We found a MIC value of 4.4 for the total DASH data. This implies that a change of five on the scale is likely to be considered important by individual patients. However, measurement error by SDC was found to be 11.8 which is a larger value than all calculated MIC values. This means that individual patients may considered a MIC value to be an important change. However, as it cannot be distinguished from measurement error it is not statistically significant [48]. Measurement error has to be taken into consideration when interpreting change scores. We should both be confident that the change in DASH is not simply due to measurement error and that it is sufficiently high to be important to individual patients. Hence, a change value must be over 11.8 for the DASH to be considered as an important change. In the present study 11 patients had a change value above 11.8, although 30 patients were considered improved according to the anchor.
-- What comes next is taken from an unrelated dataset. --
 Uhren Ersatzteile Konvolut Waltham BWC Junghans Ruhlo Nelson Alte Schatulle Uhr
Additionally, we found a higher MIC (7.7) for the patients with high baseline scores (Table 5). This supports previous findings that patients with higher baseline scores needs greater changes to be considered as important [37, 40]. MIC can also be expressed as percentage of baseline values [40]. When calculating the MIC values in our study as percentage, the MIC for the total DASH is 15.8% (4.4 of 27.9), and for the subgroups with low and high baseline scores, 25.9% (4.4 of 17) and 19.6% (7.7 of 39.2), respectively.
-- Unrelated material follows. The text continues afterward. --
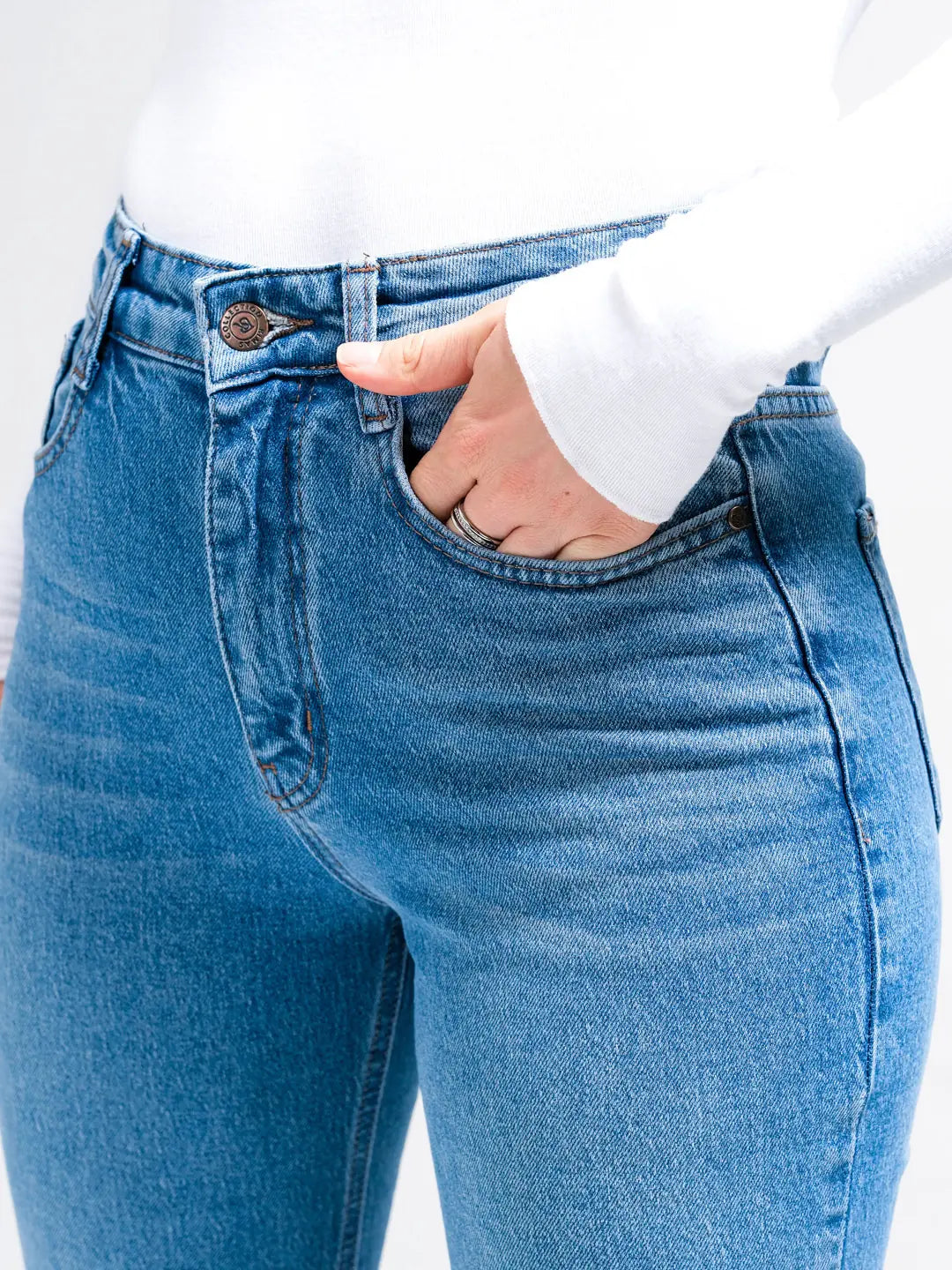 LUC Spanish Jean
The SDC value found in our study is comparable with SDC values reported by others [36, 49, 50]. The MIC value (4.4) in the present study is, however, much lower as compared to results found in the literature. Gummesson et al. [51] found a MIC of 10 and van Kampen et al. [36] a MIC of 12.4. Beaton et al. [49] studied heterogeneous shoulder patients and compared different approaches for determine the MIC. Their results ranged from 3.9 to 15. These differing findings indicate how dependent the MIC is on the anchor. The anchor used in this study was a perceived recovery recorded on a 3-level ordinal scale, similar to what was used in a recent study [47] on responsiveness of the DASH. Using a 7- or 15-point Likert scale could have been better suited for this study, resulting in a more refined dichotomising between the subgroups. Nevertheless, such anchors have been criticized for not being capable of correlating functional change across varying lengths of time [52]. The anchor used in this present study can be questioned due to the large overlap between the distributions of the improved and unchanged group of patients illustrated in Fig. 3 according to the MIC value. However, in this study the anchor correlated above 0.5 with the change score of the DASH, and is then proposed to be a valid anchor according to a recent study [40]. Since there is no clear agreement of which method is the best to examine MIC, other approaches could have resulted in different MIC values. In addition, both the anchor-based approach and the COSMIN-group’s definitions of MIC and SDC used in this study, leads to a clear distinction between these two concepts [9, 53].

The present study is, to our knowledge, the first study to explicitly follow the COSMIN panel recommendation regarding examination of responsiveness of the DASH. However, there are some limitations as to how the findings should be interpreted. First, the COSMIN-checklist was developed to improve the selection of measurement instruments and how to evaluate these measurement properties. However, the checklist has not yet been tested for its reliability, and according to the authors it needs further refinement [41]. Second, the total sample size of this study is moderate (n = 50). Although it is within the COSMIN recommendation for examination of responsiveness, the sample size of the unchanged subgroup (n = 13) used for the analyses was small. Third, an ordinal scale with more scoring options might have been preferred.

Conclusions

In conclusion, the Norwegian version of the DASH was found to be satisfactory responsive when applied on patients with subacromial pain. Based on the SDC and MIC, a change value on the DASH must be above 11.8 to be considered as an important change that is not due to measurement error.